Tino's (between 187th and 188th on Arthur Ave.) www.tinosdeli.com
Bergatti's (187th W. of Arthur Ave.) So worth the journey
Patsy's (Union Sq. area) pretty decent pizza- fresh mozzarella, basil and garlic
The Irish Brigade (4716 Broadway) Old man dive bar extraordinaire. The five people in this bar make up for the sparse clientele by Shouting at the top of their lungs to each other. The bartender, Laura, is scrappy and friendly and will introduce you to her Mom (the older version of her yelling top volume at the other end of the bar).

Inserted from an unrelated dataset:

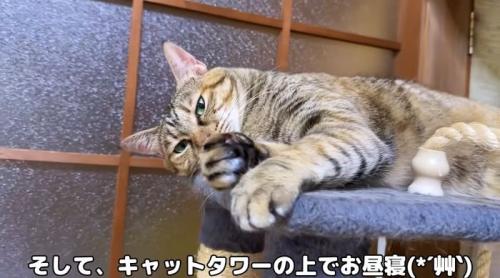 いつものリタさん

SEE (312 Bleecker- W.Village) Eyeglasses, exams on the cheap. The doctor looks weirdly like Sarah Silverman and I found myself chuckling inappropriately. "Which is clearer? One or Two?" " Hahahaha... oh, um One?" Unique and affordable frames. The fellow working there was very helpful... then again, I think he may have been hitting on me. I'm a little slow, but when someone says "I could sit across from you for five or six hours and look at you if you were wearing those" ... that's a pick-up line, right?

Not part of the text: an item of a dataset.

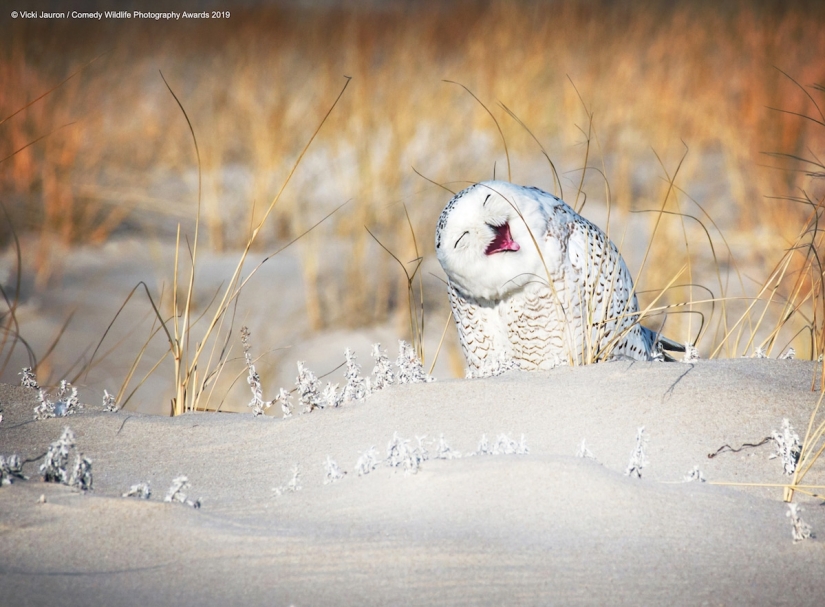 40 wild smiles in one post: a selection of works by the finalists of the Comedy Wildlife Photography Awards 2019 photo contest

Song of the week: Ballantines: Aimee Mann
Fun discovery: Look at this fucking hipster- www.latfh.com
The image below was this bizarre moment where some mutual understanding excited all the lemurs at once and they all went tearing down to one end of their enclosure (which, by the by, is not enclosed, but open to the viewing walkway - why I don't have a lemur in my hair is a mystery). I kind of love this shot. It looks like a Michael Sowa painting, but I swear it's just a snapshot on a low light, micro setting on my little Canon Powershot (I'd been taking photographs of these bright red, leaf-shaped insects I'll have to ask my Entymologist Papa about).